What is needed is an exact copy of the lines in the listing below, from the one with "Ancelotti em treino do Brasil" up to and including the one with "lot 135 image: Lot", with no other lines.

-- INPUT DATA follows --

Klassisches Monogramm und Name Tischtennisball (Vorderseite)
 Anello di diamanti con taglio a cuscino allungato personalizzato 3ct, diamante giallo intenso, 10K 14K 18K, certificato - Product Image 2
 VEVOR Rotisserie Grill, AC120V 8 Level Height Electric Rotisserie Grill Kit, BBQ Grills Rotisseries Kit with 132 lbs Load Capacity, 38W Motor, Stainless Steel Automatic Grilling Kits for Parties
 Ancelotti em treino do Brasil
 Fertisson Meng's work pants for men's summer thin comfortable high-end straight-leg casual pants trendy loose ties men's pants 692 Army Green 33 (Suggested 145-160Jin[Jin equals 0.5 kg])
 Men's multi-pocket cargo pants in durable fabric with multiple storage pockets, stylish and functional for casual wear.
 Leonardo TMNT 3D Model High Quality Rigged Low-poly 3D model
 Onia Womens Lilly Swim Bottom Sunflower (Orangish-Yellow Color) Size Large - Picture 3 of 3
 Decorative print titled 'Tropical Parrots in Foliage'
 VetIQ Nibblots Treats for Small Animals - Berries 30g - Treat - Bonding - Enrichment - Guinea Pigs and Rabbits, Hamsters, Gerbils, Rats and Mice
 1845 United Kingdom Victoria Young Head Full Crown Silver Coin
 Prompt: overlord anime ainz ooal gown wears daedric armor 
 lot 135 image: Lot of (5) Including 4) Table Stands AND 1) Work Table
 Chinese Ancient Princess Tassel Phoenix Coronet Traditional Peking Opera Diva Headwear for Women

-- INPUT DATA concluded --

**REPLY TO THE TASK**.
 Ancelotti em treino do Brasil
 Fertisson Meng's work pants for men's summer thin comfortable high-end straight-leg casual pants trendy loose ties men's pants 692 Army Green 33 (Suggested 145-160Jin[Jin equals 0.5 kg])
 Men's multi-pocket cargo pants in durable fabric with multiple storage pockets, stylish and functional for casual wear.
 Leonardo TMNT 3D Model High Quality Rigged Low-poly 3D model
 Onia Womens Lilly Swim Bottom Sunflower (Orangish-Yellow Color) Size Large - Picture 3 of 3
 Decorative print titled 'Tropical Parrots in Foliage'
 VetIQ Nibblots Treats for Small Animals - Berries 30g - Treat - Bonding - Enrichment - Guinea Pigs and Rabbits, Hamsters, Gerbils, Rats and Mice
 1845 United Kingdom Victoria Young Head Full Crown Silver Coin
 Prompt: overlord anime ainz ooal gown wears daedric armor 
 lot 135 image: Lot of (5) Including 4) Table Stands AND 1) Work Table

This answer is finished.